**EXTRACTED DATA:**
---*---
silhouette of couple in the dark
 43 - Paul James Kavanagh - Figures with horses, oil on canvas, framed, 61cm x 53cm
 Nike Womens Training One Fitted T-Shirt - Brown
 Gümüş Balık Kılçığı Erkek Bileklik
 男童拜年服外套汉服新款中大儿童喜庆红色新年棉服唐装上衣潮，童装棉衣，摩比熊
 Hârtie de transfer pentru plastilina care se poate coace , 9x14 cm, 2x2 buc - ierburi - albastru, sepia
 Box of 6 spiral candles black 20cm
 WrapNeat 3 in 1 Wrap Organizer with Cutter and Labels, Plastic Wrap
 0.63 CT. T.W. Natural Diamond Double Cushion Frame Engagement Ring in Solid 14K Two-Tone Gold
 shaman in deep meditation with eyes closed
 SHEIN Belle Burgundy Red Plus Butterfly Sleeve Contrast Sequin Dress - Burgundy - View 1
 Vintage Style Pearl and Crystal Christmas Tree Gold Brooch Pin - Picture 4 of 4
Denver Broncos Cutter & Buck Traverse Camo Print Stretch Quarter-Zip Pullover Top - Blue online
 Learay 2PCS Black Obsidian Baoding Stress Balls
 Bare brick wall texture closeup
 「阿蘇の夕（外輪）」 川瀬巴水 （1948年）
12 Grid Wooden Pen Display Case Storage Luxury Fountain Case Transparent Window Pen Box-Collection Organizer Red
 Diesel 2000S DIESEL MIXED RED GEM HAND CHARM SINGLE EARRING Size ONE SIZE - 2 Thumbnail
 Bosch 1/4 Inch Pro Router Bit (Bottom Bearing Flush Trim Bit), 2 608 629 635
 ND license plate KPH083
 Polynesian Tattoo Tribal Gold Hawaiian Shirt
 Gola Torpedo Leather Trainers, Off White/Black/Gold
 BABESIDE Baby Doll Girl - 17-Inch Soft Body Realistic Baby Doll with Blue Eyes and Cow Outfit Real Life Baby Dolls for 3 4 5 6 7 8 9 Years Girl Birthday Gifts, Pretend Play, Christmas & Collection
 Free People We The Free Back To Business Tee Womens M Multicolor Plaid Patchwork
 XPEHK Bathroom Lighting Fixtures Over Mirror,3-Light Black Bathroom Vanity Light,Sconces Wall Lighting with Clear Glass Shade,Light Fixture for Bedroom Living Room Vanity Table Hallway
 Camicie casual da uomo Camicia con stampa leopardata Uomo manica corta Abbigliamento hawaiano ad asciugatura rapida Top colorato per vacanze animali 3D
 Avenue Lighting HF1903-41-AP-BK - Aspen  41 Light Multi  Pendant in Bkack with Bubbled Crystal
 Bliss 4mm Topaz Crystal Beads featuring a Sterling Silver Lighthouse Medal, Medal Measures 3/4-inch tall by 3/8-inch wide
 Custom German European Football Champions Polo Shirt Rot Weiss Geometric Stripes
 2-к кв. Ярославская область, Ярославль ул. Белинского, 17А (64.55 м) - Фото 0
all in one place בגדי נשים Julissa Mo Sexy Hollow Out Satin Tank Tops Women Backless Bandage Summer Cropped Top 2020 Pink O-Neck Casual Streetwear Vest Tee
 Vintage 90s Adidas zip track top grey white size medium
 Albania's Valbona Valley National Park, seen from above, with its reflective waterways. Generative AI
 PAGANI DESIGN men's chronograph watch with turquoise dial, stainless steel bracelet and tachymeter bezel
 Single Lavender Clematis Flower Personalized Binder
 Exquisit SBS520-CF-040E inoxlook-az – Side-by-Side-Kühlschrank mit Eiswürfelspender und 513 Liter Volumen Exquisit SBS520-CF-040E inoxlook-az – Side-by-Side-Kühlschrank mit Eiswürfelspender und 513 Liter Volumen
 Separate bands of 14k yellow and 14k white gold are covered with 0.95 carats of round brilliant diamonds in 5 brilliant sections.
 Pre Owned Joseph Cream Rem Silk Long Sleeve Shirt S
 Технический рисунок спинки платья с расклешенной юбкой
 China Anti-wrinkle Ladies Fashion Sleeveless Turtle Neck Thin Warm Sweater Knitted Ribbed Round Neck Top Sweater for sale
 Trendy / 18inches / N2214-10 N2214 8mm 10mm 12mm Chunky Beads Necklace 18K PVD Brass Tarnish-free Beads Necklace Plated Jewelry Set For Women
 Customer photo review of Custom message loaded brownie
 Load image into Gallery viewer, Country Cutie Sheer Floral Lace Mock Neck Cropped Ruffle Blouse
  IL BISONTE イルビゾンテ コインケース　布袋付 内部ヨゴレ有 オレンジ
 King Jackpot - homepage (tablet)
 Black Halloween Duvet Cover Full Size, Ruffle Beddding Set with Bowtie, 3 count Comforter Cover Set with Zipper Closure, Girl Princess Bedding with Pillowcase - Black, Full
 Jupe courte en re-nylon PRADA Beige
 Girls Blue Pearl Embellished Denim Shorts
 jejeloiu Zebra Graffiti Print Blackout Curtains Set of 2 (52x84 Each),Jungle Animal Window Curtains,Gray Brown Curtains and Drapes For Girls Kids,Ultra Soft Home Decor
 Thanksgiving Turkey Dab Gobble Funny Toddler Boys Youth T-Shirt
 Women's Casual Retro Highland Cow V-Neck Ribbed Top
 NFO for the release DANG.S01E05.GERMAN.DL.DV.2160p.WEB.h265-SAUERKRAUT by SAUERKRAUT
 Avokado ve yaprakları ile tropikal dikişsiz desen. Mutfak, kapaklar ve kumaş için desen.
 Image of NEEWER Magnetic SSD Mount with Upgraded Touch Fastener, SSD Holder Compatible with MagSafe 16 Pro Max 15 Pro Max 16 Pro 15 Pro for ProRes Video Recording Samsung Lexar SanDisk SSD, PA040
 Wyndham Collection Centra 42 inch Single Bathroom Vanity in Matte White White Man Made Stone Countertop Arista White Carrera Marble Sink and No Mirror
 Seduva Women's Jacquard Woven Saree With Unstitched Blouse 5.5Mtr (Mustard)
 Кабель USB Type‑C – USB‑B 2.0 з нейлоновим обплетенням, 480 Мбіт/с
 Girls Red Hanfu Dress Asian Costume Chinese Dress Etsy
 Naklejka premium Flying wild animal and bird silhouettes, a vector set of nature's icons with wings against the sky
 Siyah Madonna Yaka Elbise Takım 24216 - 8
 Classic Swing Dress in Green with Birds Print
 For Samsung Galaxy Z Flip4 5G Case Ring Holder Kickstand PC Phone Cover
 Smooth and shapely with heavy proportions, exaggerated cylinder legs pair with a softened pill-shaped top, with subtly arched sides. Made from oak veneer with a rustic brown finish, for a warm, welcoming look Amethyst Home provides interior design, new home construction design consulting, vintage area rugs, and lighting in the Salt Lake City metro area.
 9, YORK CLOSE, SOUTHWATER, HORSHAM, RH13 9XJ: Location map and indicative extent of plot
---*---
**WHAT IS NEEDED:** Note how many lines of the listing above include the word "Holder", and respond with that number only.

**ANSWER SPACE:** 2